Taint spreads farther, deeper

First of two parts. 

By TRACY DAVIS

NEWS STAFF REPORTER

In a small metal building along busy Wagner Road past the west side of Ann Arbor in Scio Township, a dozen people work full-time on the largest U.S. ground-water cleanup east of the Mississippi River.

 

Cutting-edge machinery hums around the clock, pumping and treating water tainted with a cancer-causing chemical. The company responsible for the pollution is spending $5 million a year cleaning it up.

 

Yet despite the millions Pall Life Sciences has spent and the billion-plus gallons it has treated, the chemical - called 1,4-dioxane - has slipped away, seeping farther and deeper into the ground than thought possible. It found its way more than 200 feet below ground into the deepest aquifer, known as Level E, which makes its way under Ann Arbor and toward file Huron River.

 

Now drilling rigs are showing up farther inside Ann Arbor. Residents are likely to see cleanup efforts - drilling, pumping and treating water - in the city over the coming years on both city and private property.

 

One well used for Ann Arbor’s public water supply has been shut down as a precaution and geologists say it’s possible that the dioxane plume may migrate into the river - the source of about 80 percent of Ann Arbor’s water. The plume could also continue to spread into private wells west of the city.

 

It’s a significant development for Washtenaw County’s most contentious, protracted environmental cleanup, slowed for years by lawsuits, court injunctions and political sparring.

 

Until recently, officials Pall, which makes medical filters, thought the end of the cleanup was in sight: They would finish by July 2005, the deadline imposed by a circuit court judge. Well monitoring would probably continue; there might be ongoing cleanup of a wetland on Pall property. But the removal of decades-old contamination would be done.

See PLUME, A11

 

Workers drill a well in January at the Pall Life Sciences plant on Wagner Road.

More coverage

DEQ wants to collect fines now

Continued from A1

PLUME

All that has changed.

Although Ann Arbor officials say they're confident that people on municipal water lines are safe, the city's Montgomery Well which, with another well supplies 20 percent of the city's water supply, was taken off-line last spring as a precaution after tiny amounts of dioxane were found in it.

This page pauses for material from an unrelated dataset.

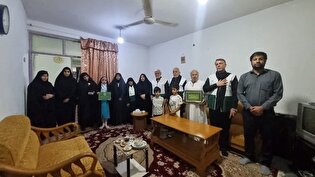 دیدار خادم‌یاران خرمشهر با خانواده شهیدان دانش‌آموز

Pall must now drill new wells to find the expanding contamination and pinpoint the best location, possibly within Ann Arbor, for drawing water out for treatment from the depths of 200-plus feet.

"With the growth going on in this area, we cannot afford to bypass any source of potable water," said County Commissioner Vivienne Armentrout, D-Ann Arbor. "What's happening with the migration into lower aquifers underscores the importance of doing really aggressive remediation."

The pollution expands

After years of drilling test wells on the west side of the city, Pall officials believe they've defined dioxane's reach in upper aquifers. But they haven't figured out how far into the city the "E" aquifer contamination goes. Experts from all sides agree the aquifer likely empties into the Huron River. If the pollution plume reaches the river, it will be diluted so much it's unlikely to pose any threat; levels may not even be detectable.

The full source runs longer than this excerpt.